Após o contingente policial ter causado toda essa destruição, prenderam 41 homens e 2 mulheres, que foram algemados e no final da noite levados para a delegacia. Antes, a polícia separou alguns camponeses do grupo e os torturou para que dissessem que havia armas no acampamento e denunciassem nomes de lideranças. Na delegacia, os camponeses passaram a noite com fome e algemados em dupla. O camponês Manoel foi torturado com sessões de afogamento.
No dia seguinte, à noite, 37 camponeses foram soltos. Outros dois camponeses ficaram mais duas semanas presos e outros quatro ficaram presos ilegalmente durante quase três meses.
Os camponeses de Patrocínio, Gervásio Vilaça da Silva, Osair Pinto de Oliveira, Rosivaldo Oliveira Domingos e Vanir Pires de Oliveira ficaram arbitrariamente encarcerados 85 dias no Presídio Sebastião Sátiro, na cidade de Patos de Minas. A juíza Milanez brandiu o envolvimento de “questões ideológicas” e uso de “ponderação e cautela” para manter trancafiados quatro honestos trabalhadores, pais de família, cujo crime foi lutar por um pedaço de terra para trabalhar e poder criar seus filhos com dignidade.
Segundo nota de protesto da Liga de Camponeses do Centro-Oeste, o Tribunal agiu dessa forma porque se tratavam de camponeses pobres, como tantos outros pobres que exclusivamente abarrotam as prisões do país. Nos casos envolvendo ricos, como Antério Mânica, Sérgio Naya, Fernando Collor, Maluf, etc, a postura dos Tribunais é completamente diferente, como foi no caso da recente libertação do latifundiário Antério Mânica, apontado como um dos mandantes da chacina de Unaí.
Candidato pelo PSDB a prefeito daquela cidade, ele contou com o apoio do governador Aécio Neves e do vice-presidente José Alencar. O PT coligou-se com o PSDB em Unaí e deu apoio à eleição do latifundiário. Após sua libertação, Mânica tripudiou e mostrou a arrogância do latifúndio, comemorando em restaurante de luxo de Belo Horizonte, viajando em jatinho fretado e desfilando em carro aberto em Unaí, inclusive sob a proteção da PM.
Segundo lideranças da Liga de Camponeses, “a decisão do Tribunal de Justiça de Minas deixa claro que para a justiça desse Estado de grandes burgueses e latifundiários o clamor de terra para quem nela trabalha é questão ideológica complexa e todo rigor da lei será utilizado para tentar aplastar a luta pela justiça social. Tanto é, que o juiz de Patrocínio, Tenório Silva Santos só mandou libertar os quatro camponeses após condená-los à pena de 2 anos e dois meses de reclusão”. Pena que foi transformada em prestação de serviços por sete horas semanais durante esse período e multa de meio salário mínimo, alegando “crime de resistência e porte de arma de fogo”. O juíz desconheceu totalmente as contradições apontadas pelos advogados dos camponeses e aceitou como verdades as mentiras forjadas pelos policiais no inquérito obtido sob torturas.

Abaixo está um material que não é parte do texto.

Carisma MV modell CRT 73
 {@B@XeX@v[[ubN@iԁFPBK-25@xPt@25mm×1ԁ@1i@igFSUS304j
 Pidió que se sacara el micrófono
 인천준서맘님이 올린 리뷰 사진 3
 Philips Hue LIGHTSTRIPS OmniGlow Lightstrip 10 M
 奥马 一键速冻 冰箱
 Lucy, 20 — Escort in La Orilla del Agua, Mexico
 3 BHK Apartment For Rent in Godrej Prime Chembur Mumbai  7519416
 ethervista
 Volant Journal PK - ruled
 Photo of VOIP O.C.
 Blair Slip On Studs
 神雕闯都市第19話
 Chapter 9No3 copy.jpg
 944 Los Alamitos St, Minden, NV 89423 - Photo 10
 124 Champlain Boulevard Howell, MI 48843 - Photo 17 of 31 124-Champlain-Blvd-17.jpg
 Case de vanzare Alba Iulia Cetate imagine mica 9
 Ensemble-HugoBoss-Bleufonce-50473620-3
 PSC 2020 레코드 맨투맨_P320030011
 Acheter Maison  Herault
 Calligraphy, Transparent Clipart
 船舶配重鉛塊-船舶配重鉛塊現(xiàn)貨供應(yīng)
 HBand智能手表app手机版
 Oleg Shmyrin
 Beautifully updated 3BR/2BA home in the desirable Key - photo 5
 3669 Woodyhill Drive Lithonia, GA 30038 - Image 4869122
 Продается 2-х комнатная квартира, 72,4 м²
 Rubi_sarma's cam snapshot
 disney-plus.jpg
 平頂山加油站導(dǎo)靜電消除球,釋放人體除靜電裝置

A Liga dos Camponeses Pobres do Centro-Oeste realizou várias manifestações públicas de protesto contra a injusta e arbitrária prisão dos quatro camponeses (passeatas, colagens de cartaz, distribuição de panfletos, denúncias na rádio, denúncias na Comissão de Direitos Humanos da Assembléia Legislativa, Promotoria de Direitos Humanos, pressão no Incra, ITER — Instituto de Terras de Minas Gerais—, fax enviados para a imprensa, cartas de entidades enviadas para as autoridades, pressão na porta do fórum, etc). Também ocorreu uma intensa atuação dos Advogados do Povo.
Segundo o Doutor Bruno Coelho, membro do Núcleo dos Advogados do Povo, os camponeses sofreram “uma condenação totalmente absurda, baseada em provas totalmente contraditórias e inexistentes”. Segundo ele, “houve um comprometimento da juíza com questões que fogem a área criminal, pois a questão criminal era muito simples, os réus eram trabalhadores primários de bom antecedentes, portanto tinham direito à liberdade provisória. A decisão da juíza mostrou como ela foi parcial e se mostrou totalmente favorável aos latifundiários”. Afirmou ainda que, “se ela queria prudência e cautela, deveria primeiro ter colocado os réus em liberdade, para depois agir como agiu”. Essa decisão portanto fere a constituição (que garante a liberdade de pensamento e de expressão), remontando aos tempos da ditadura.
O Núcleo dos Advogados do Povo irá apelar da decisão, e buscará provar para a justiça as contradições existentes na sentença. “Também vamos cobrar das autoridades competentes a punição dos policiais. Se houve algum crime, esse crime foi cometido pela polícia, uma ação violenta e truculenta sobre mulheres, criança e idosos”, finaliza Coelho.